Una pioggia di condanne, per un totale di oltre tre secoli e mezzo di reclusione. È questa la richiesta formulata dalla Direzione Distrettuale Antimafia di Reggio Calabria, guidata dal Procuratore Capo Giuseppe Borrelli, nel quadro del procedimento "Arangea bis". Al centro della requisitoria del pubblico ministero Nicola De Caria, spicca la posizione di Luca Lucci, ex capo storico della tifoseria organizzata del Milan, per il quale sono stati chiesti 10 anni di carcere.

L’inchiesta delinea un sistema complesso dedito al narcotraffico internazionale. Secondo l’accusa, il gruppo criminale operava con contatti consolidati nei circuiti sudamericani, garantendo l'arrivo costante di carichi di stupefacenti presso lo scalo portuale di Gioia Tauro.
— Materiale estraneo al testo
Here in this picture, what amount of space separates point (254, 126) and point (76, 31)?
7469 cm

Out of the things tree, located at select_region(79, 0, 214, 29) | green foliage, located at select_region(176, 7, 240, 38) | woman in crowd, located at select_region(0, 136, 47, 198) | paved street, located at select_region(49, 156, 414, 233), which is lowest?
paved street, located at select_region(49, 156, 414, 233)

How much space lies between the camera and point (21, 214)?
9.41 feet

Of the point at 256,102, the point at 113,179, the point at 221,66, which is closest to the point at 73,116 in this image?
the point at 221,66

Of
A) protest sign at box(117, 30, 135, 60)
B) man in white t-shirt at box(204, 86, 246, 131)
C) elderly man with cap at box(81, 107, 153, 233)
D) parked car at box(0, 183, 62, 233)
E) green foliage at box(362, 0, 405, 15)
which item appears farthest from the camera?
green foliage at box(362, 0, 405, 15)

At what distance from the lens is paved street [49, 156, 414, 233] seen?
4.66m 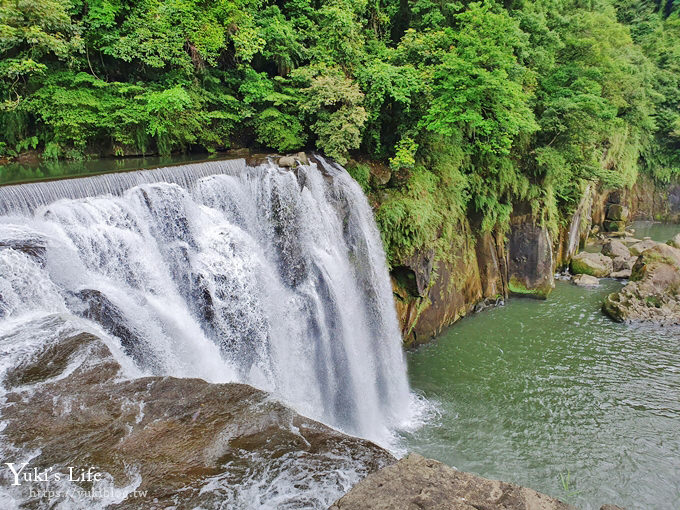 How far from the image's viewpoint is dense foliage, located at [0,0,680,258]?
9977 mm

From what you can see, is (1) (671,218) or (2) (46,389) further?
(1) (671,218)

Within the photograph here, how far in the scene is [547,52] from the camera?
1448cm

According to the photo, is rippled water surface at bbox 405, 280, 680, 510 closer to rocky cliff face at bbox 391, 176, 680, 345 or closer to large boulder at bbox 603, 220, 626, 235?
rocky cliff face at bbox 391, 176, 680, 345

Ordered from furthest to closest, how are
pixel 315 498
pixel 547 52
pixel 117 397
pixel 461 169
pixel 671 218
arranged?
pixel 671 218 → pixel 547 52 → pixel 461 169 → pixel 117 397 → pixel 315 498

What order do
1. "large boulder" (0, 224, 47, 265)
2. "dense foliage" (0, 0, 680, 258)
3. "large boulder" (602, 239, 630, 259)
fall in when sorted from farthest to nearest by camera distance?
"large boulder" (602, 239, 630, 259), "dense foliage" (0, 0, 680, 258), "large boulder" (0, 224, 47, 265)

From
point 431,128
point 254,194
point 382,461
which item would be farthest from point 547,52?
point 382,461

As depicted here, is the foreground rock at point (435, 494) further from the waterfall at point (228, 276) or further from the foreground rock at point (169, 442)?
the waterfall at point (228, 276)

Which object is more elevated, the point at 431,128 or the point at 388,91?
the point at 388,91

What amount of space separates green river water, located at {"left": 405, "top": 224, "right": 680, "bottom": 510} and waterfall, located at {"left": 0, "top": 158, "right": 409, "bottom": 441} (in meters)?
1.51

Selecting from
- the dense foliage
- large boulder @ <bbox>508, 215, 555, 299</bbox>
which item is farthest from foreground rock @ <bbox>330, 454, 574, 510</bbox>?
large boulder @ <bbox>508, 215, 555, 299</bbox>

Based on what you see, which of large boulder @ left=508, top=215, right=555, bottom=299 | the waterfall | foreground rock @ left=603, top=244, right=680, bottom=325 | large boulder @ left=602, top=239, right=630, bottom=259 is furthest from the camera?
large boulder @ left=602, top=239, right=630, bottom=259

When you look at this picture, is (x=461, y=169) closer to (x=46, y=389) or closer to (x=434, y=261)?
(x=434, y=261)

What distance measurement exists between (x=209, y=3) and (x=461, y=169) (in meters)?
9.02

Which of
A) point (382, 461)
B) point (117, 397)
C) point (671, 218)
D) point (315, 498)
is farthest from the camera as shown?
point (671, 218) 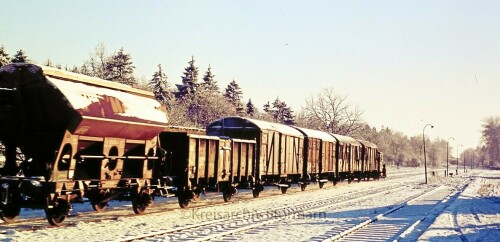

Da lì, la droga veniva smistata verso le piazze di spaccio gestite dai diversi gruppi criminali coinvolti.

L’indagine non si limita alla cronaca dei traffici, ma scava nei rapporti personali che cementavano le alleanze. Un dettaglio emblematico sottolineato dagli inquirenti riguarda proprio Lucci: l’ex leader ultras avrebbe scelto Rosario Calabria (per il quale sono stati chiesti 18 anni) come padrino di Cresima del proprio figlio. Rosario Calabria è cugino di Antonio Rosario Trimboli, figura di spicco della Locride per cui la Procura ha invocato la condanna a 20 anni.

Il PM De Caria ha colpito duramente il presunto organigramma delle famiglie della Locride e dei clan di Reggio Calabria sud. Tra le richieste di condanna più pesanti figurano:

  • Francesco Barbaro: 20 anni di reclusione.
  • Antonio Rosario Trimboli: 20 anni di reclusione.
  • Rosario Calabria: 18 anni di reclusione.

Nel registro degli imputati (23 in totale tra gli arrestati di luglio 2025) compaiono anche nomi come Elvio Giuseppe Brivio, Samuel Cimarrusti, Santo Crea e Santo Flaviano.

L’operazione "Arangea bis" era scattata il 14 luglio 2025, in contemporanea con il blitz "Oikos", assestando un colpo durissimo alle connessioni tra la criminalità organizzata calabrese e le proiezioni operative nel Nord Italia. Il processo punta ora a confermare l'esistenza di questo "gruppo operativo ben rodato" capace di muovere tonnellate di stupefacenti e miliardi di euro sotto l'egida della 'ndrangheta.